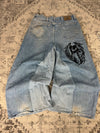 Pantalon baggy jean large skater Japanese balloon streetwear JNCO y2k vintage hip-hop 34US n•104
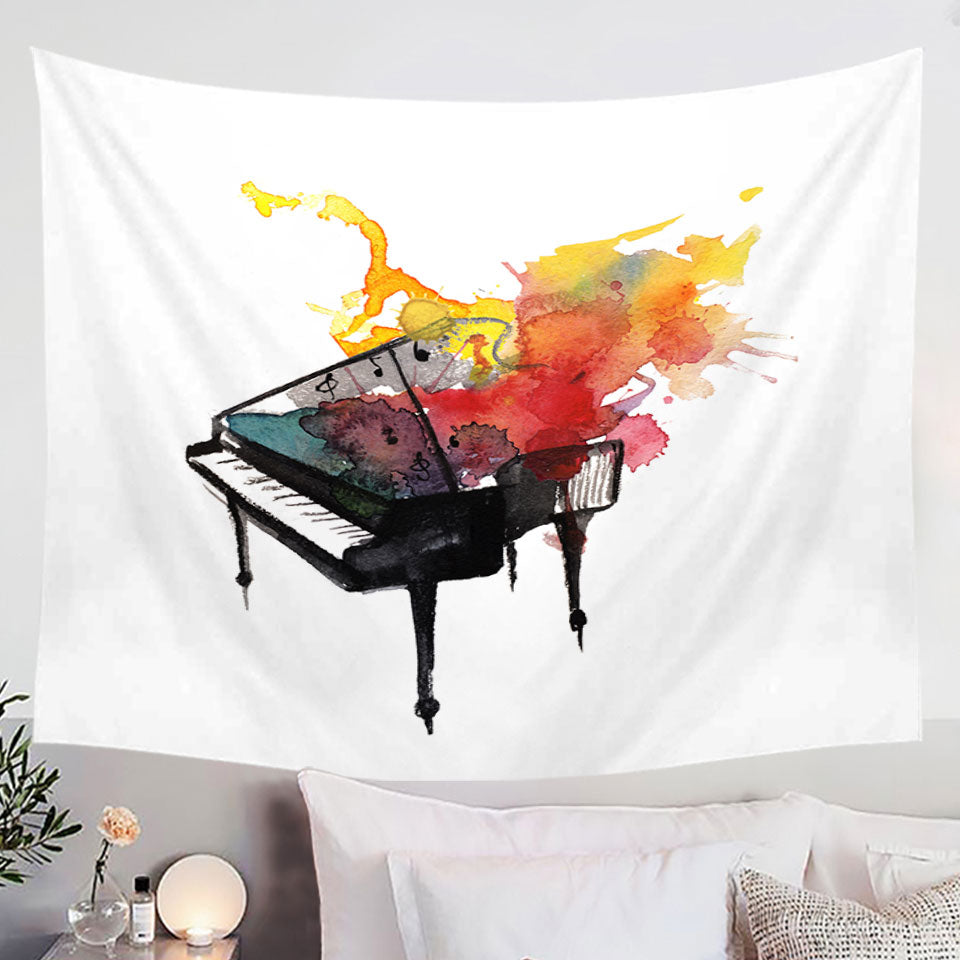 Piano on Fire Art Prints Tapestries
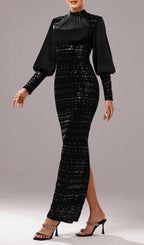Flowering Girl Women Sequin Long Sleeve Maxi Dress In Black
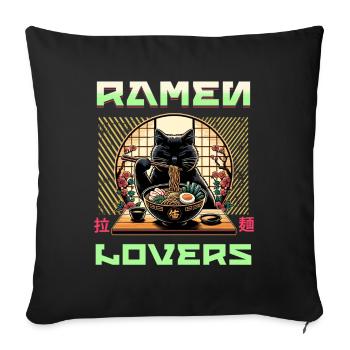 Japanese Ramen Cat Streetwear - Sofa pillowcase 17,3'' x 17,3'' (45 x 45 cm) - black - Front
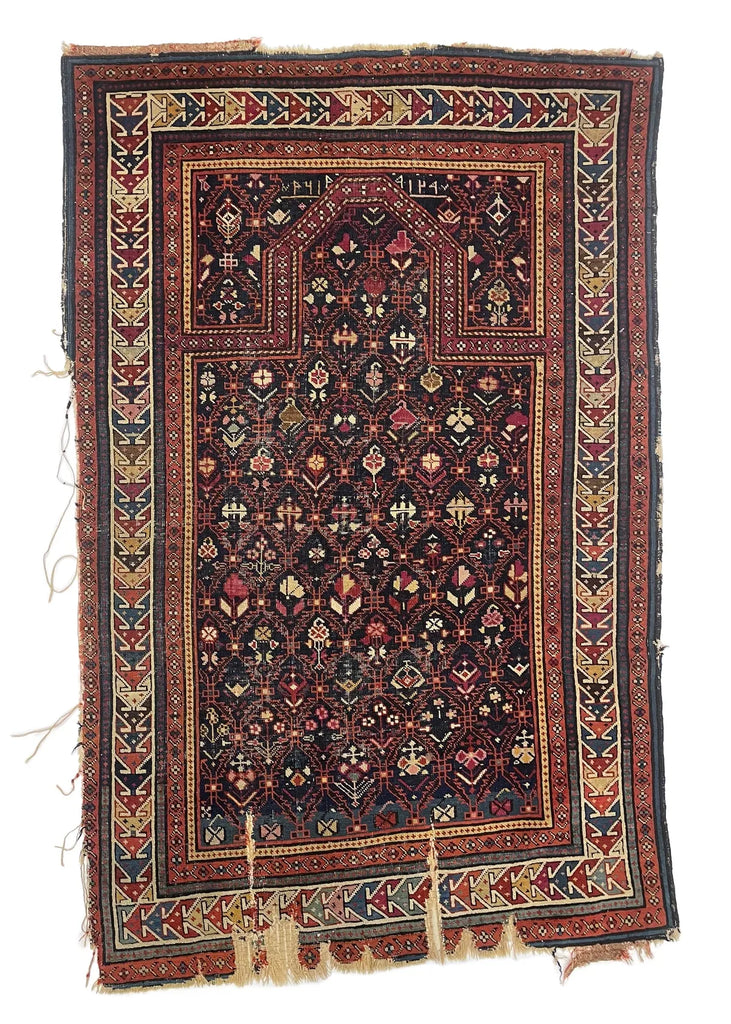 3'4"x4'8" Karabough Prayer Rug Hand Knotted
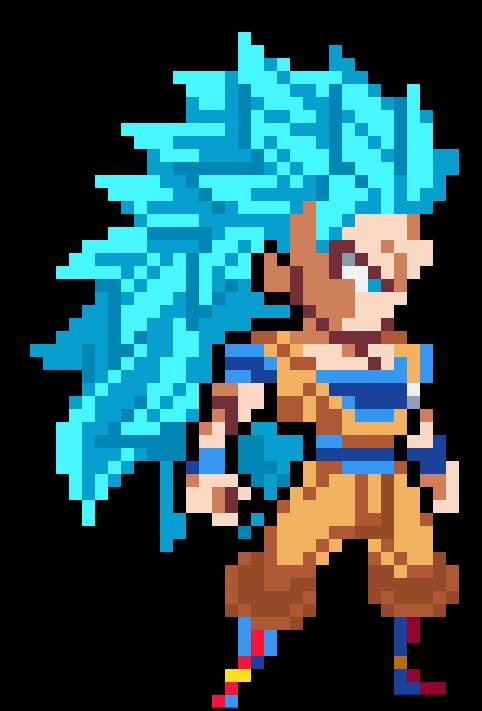 Pixilart - Super Saiyan Blue 3 Goku by VERMAN8ER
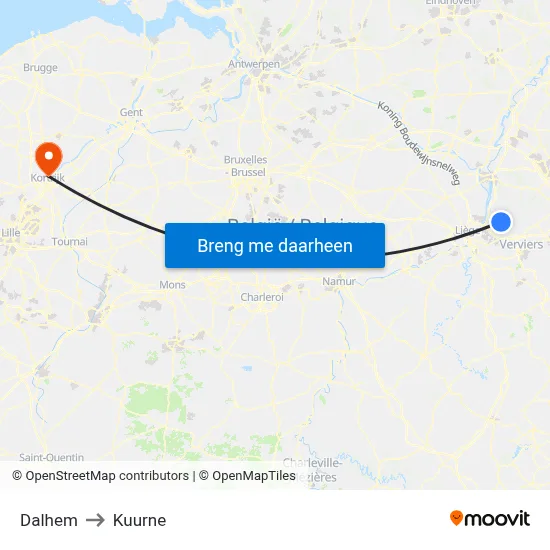 Dalhem to Kuurne map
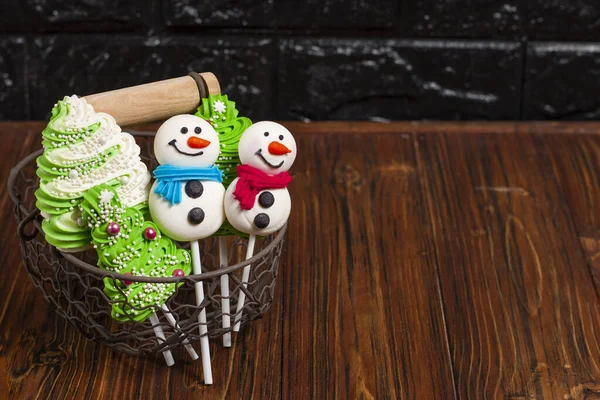 Sweet Confectionery Sugar Decorations Baking Form Christmas Tree Snowmen — Stock Photo, Image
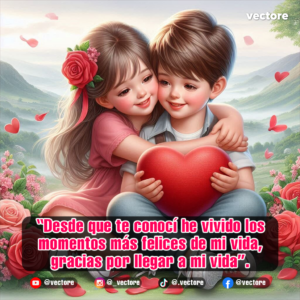 Dibujo animado tierno de estilo hiperrealista donde una niña con un vestido rosa abraza efusivamente por el hombro a un niño, mientras ambos sostienen juntos un gran corazón rojo, rodeados de arbustos con rosas rosadas.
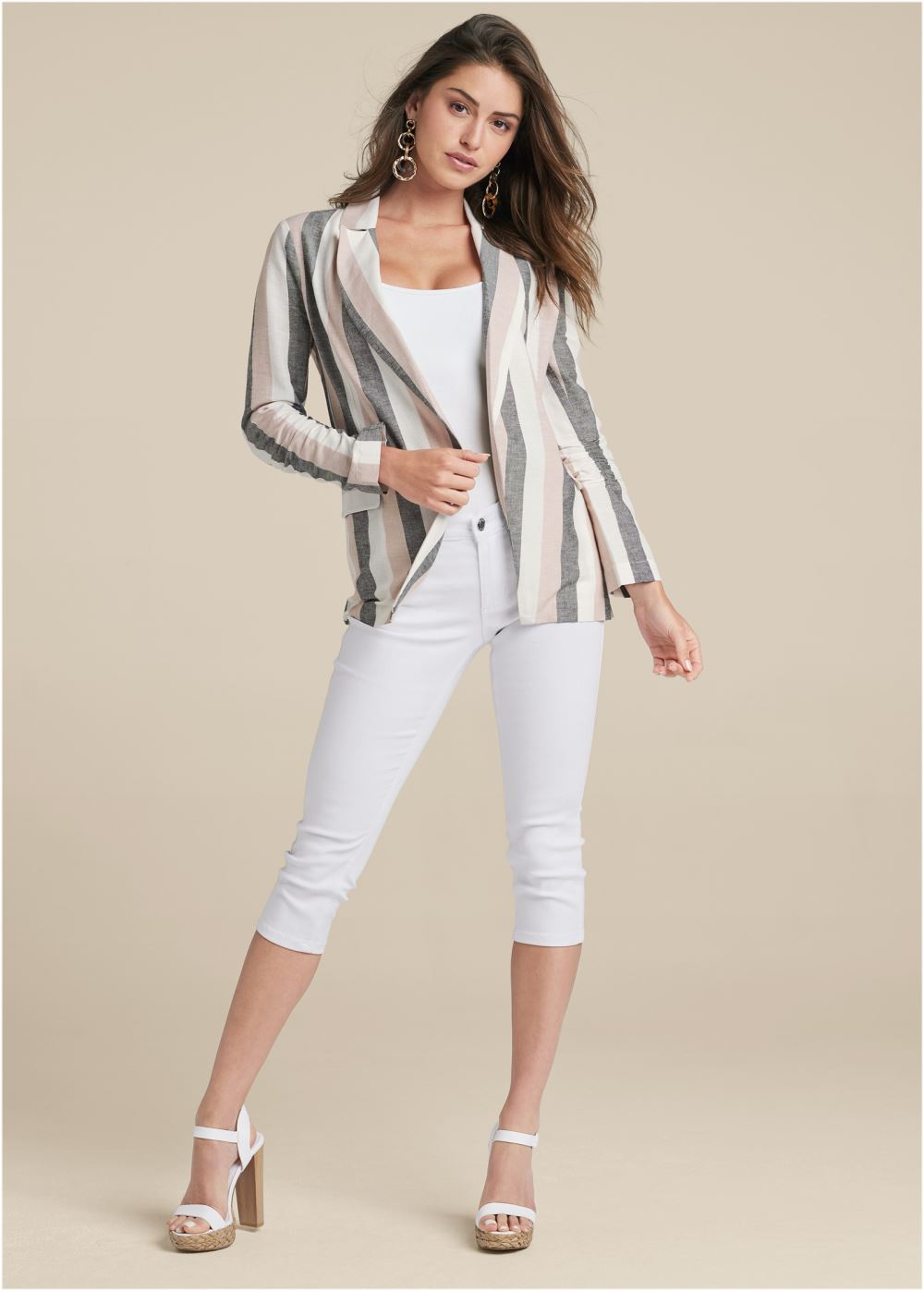 Venus White Multi STRIPED LINEN BLAZER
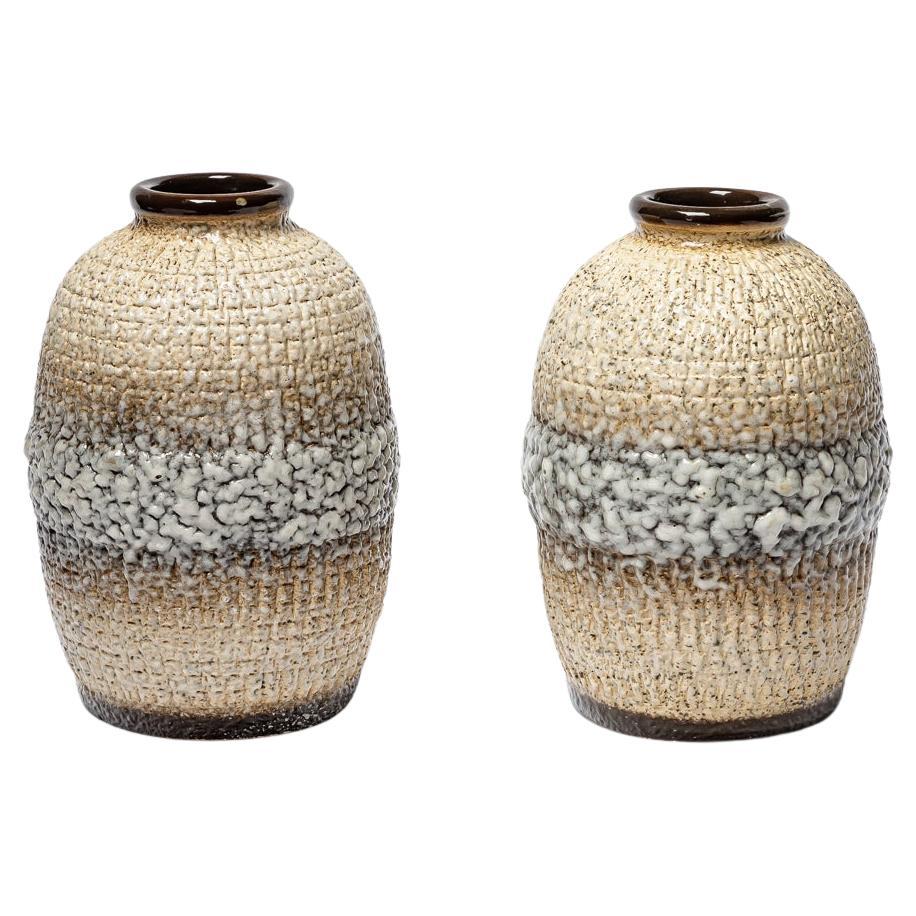 Pair of glazed stoneware vase attributed to Louis Dage, circa 1930.  For Sale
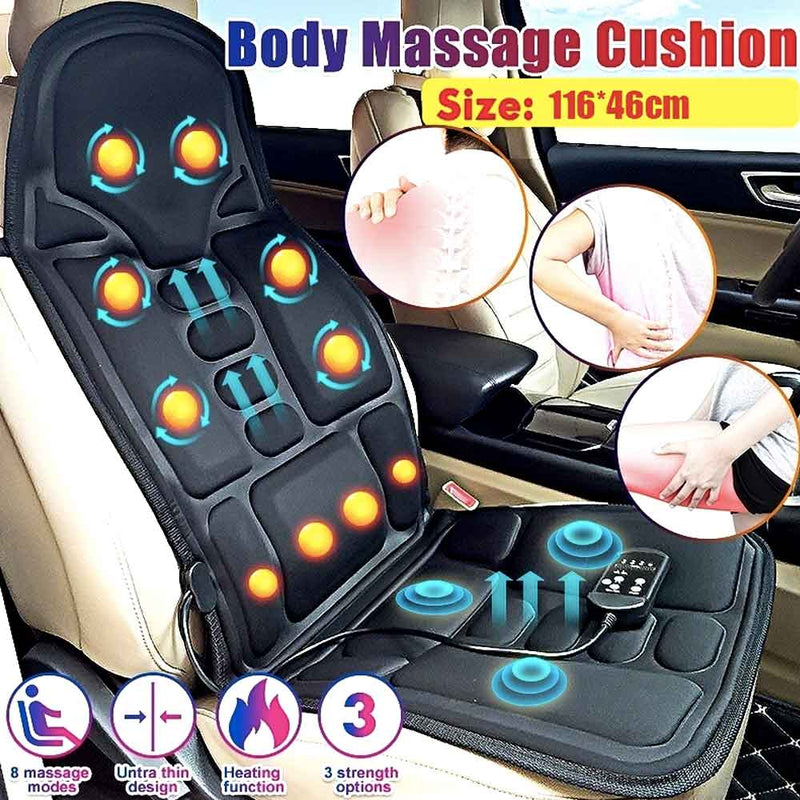 8-Mode Heated Massage Chair Pad with Neck & Back Cushion - Ideal for Home & Car Use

» **Exercise goal**:
Return nothing but the lines running from the start of the data to the line with "Dibujo animado tierno", please, both ends included and no pictures.

» **Output for this exercise**:
 Pantalon baggy jean large skater Japanese balloon streetwear JNCO y2k vintage hip-hop 34US n•104
 Piano on Fire Art Prints Tapestries
Flowering Girl Women Sequin Long Sleeve Maxi Dress In Black
 Japanese Ramen Cat Streetwear - Sofa pillowcase 17,3'' x 17,3'' (45 x 45 cm) - black - Front
 3'4"x4'8" Karabough Prayer Rug Hand Knotted
 Pixilart - Super Saiyan Blue 3 Goku by VERMAN8ER
 Dalhem to Kuurne map
 Sweet Confectionery Sugar Decorations Baking Form Christmas Tree Snowmen — Stock Photo, Image
 Dibujo animado tierno de estilo hiperrealista donde una niña con un vestido rosa abraza efusivamente por el hombro a un niño, mientras ambos sostienen juntos un gran corazón rojo, rodeados de arbustos con rosas rosadas.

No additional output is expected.